Expert, Digital Wholesale Finance Platform Department
CO2 reduction through voluntary carbon credits
Carbon trading, whereby CO2 emission allowances are bought and sold, is garnering renewed attention as an important means of limiting global warming to a maximum of 1.5°C above the earth’s preindustrial average temperature. By creating economic incentives, carbon trading aims to fund activities that can reduce CO2 emissions more effectively, thereby accelerating decarbonization. Carbon trading schemes can be broadly classified based on whether they are (1) publicly or privately operated and (2) compulsory or voluntary.

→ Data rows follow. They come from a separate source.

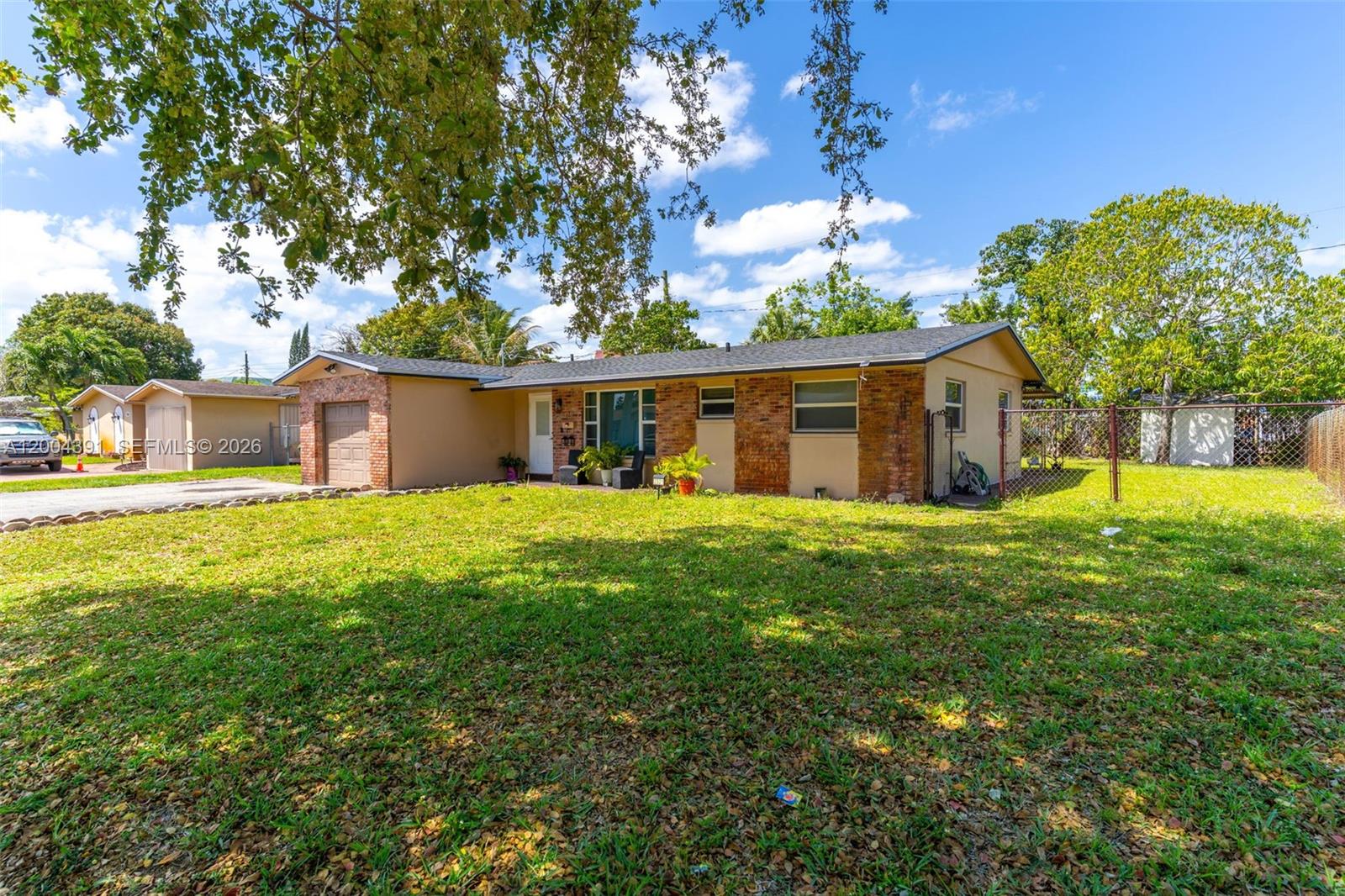 2321 NW 47th Ave, Lauderhill FL 33313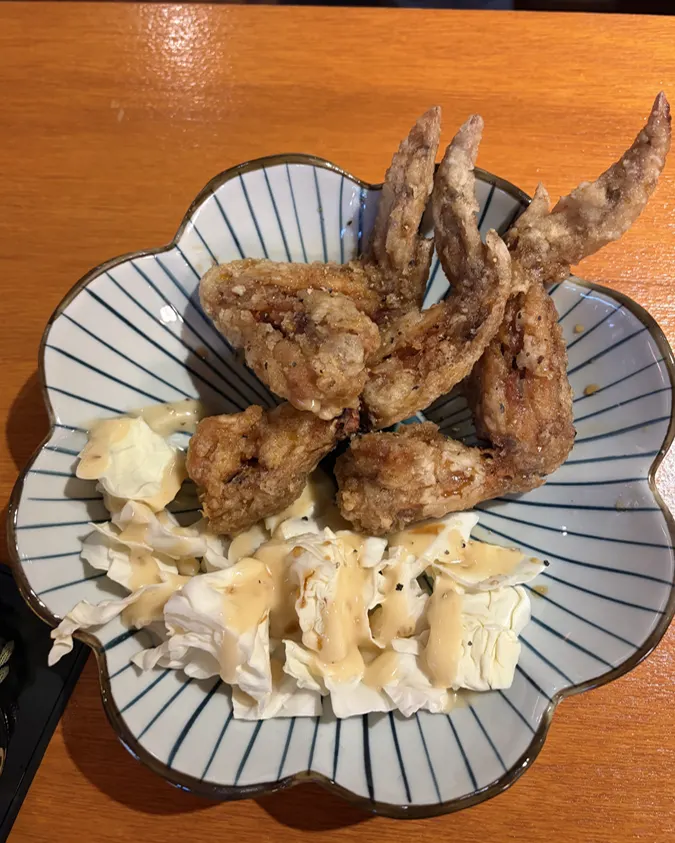 엔젤링이 남은 생맥주 잔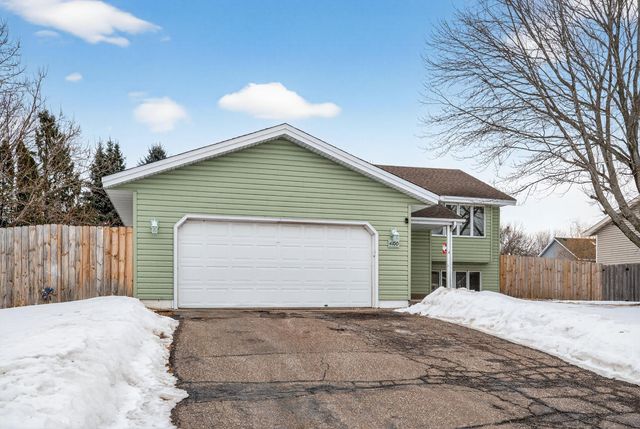 4100 Parkway Ponds Lane, White Bear Lake, MN 55110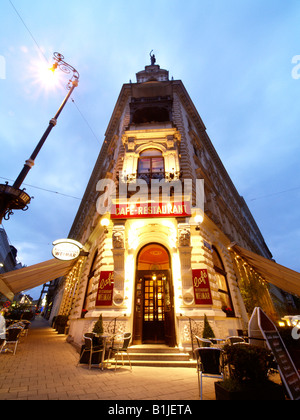 beleuchtete Cafe Weimar in den Abend, Österreich, Wien Stockfoto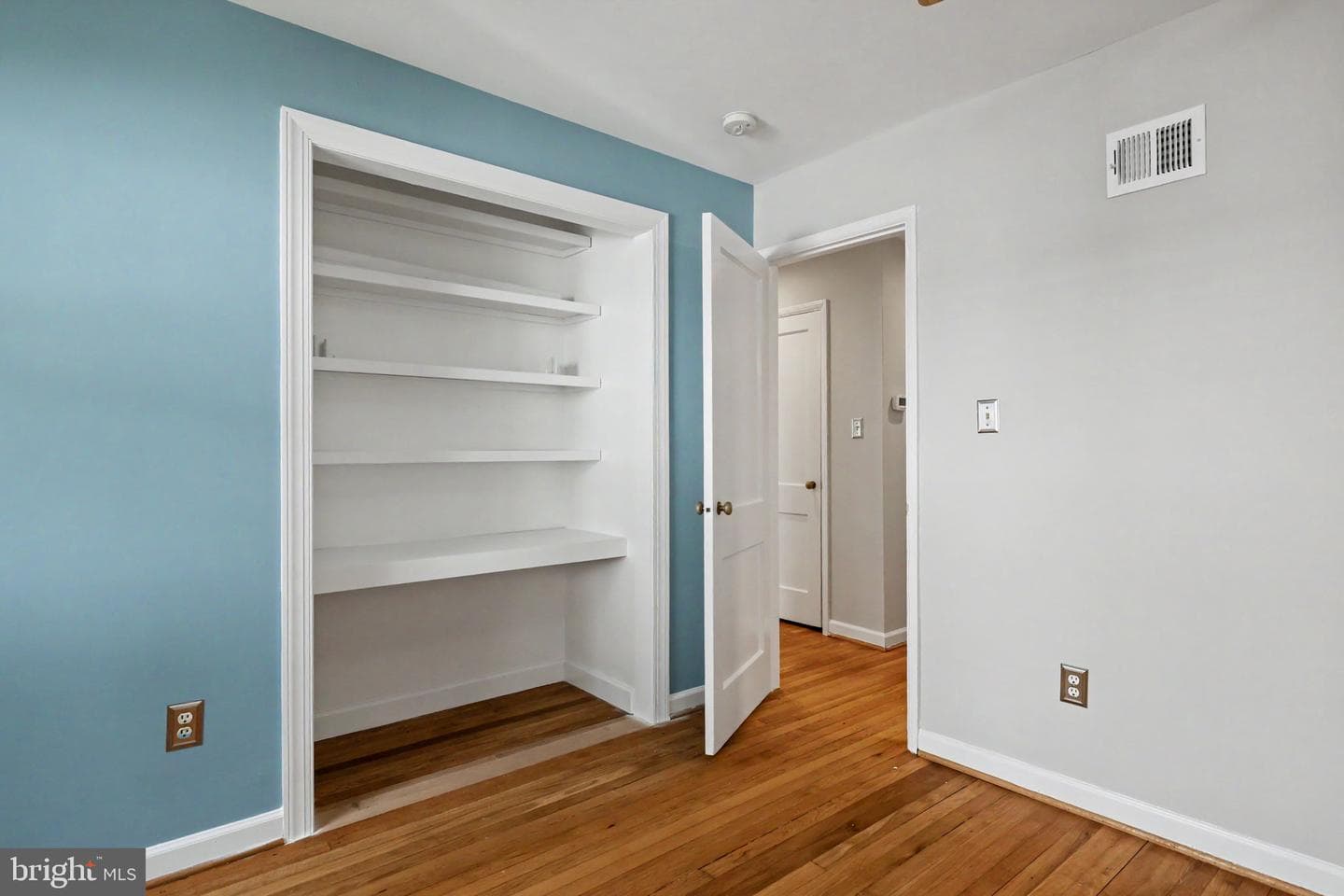 3128 Wayne Road photo 25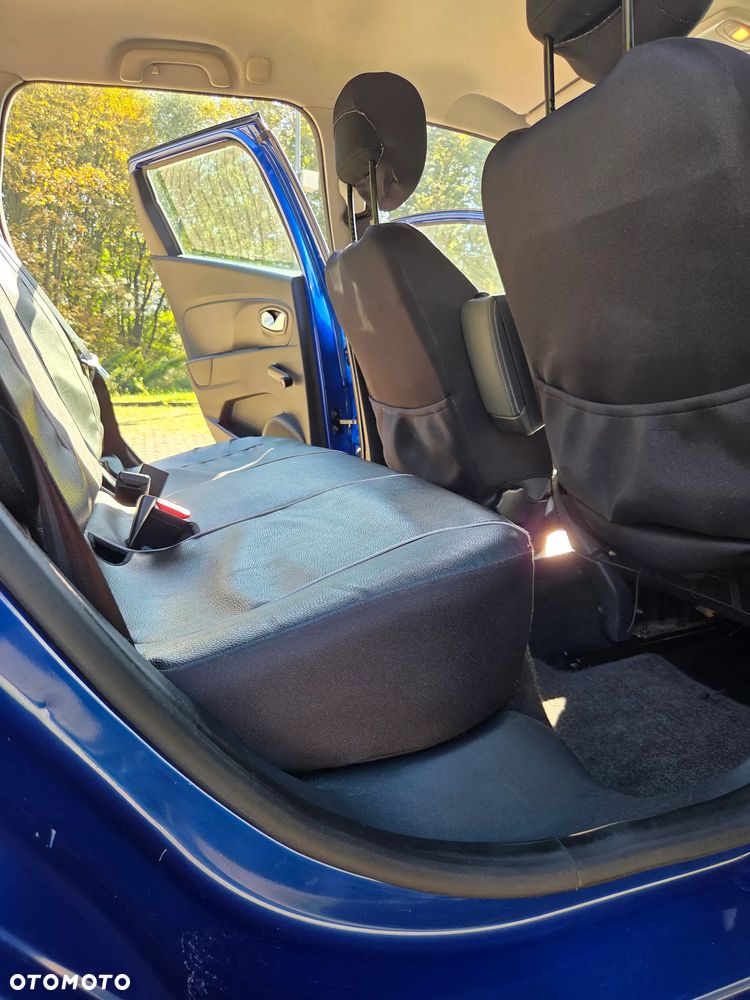 Renault Clio - 11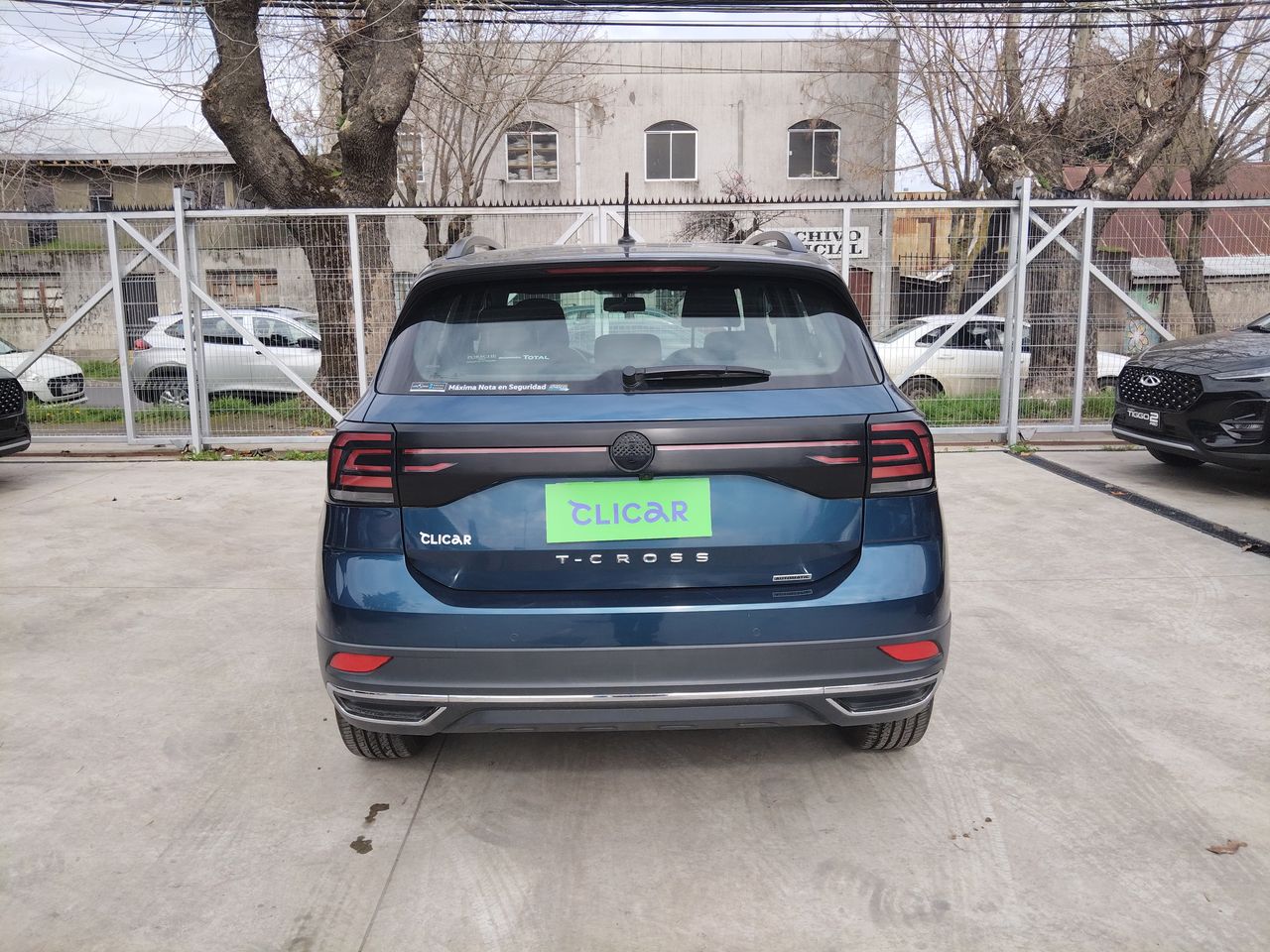 VOLKSWAGEN - 6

In the lower right quadrant of the table below are privately operated voluntary carbon credit (VCC) schemes through which companies and other CO2 emitters voluntarily purchase credits to offset their own CO2 emissions. The credits they purchase are supplied by third-party projects that reduce CO2 emissions through such means as displacing fossil fuel consumption with renewable (e.g., solar, wind, hydro, biomass) energy or naturally sequestering atmospheric CO2 through, e.g., reforestation.
Because VCC schemes are not compulsory, they have yet to be widely adopted. To cap global warming at +1.5°C, the VCC market’s CO2 trading volume reportedly must grow 15-fold between 2019 and 2030. In 2021, it grew nearly 50%, from 230Mt to 350Mt.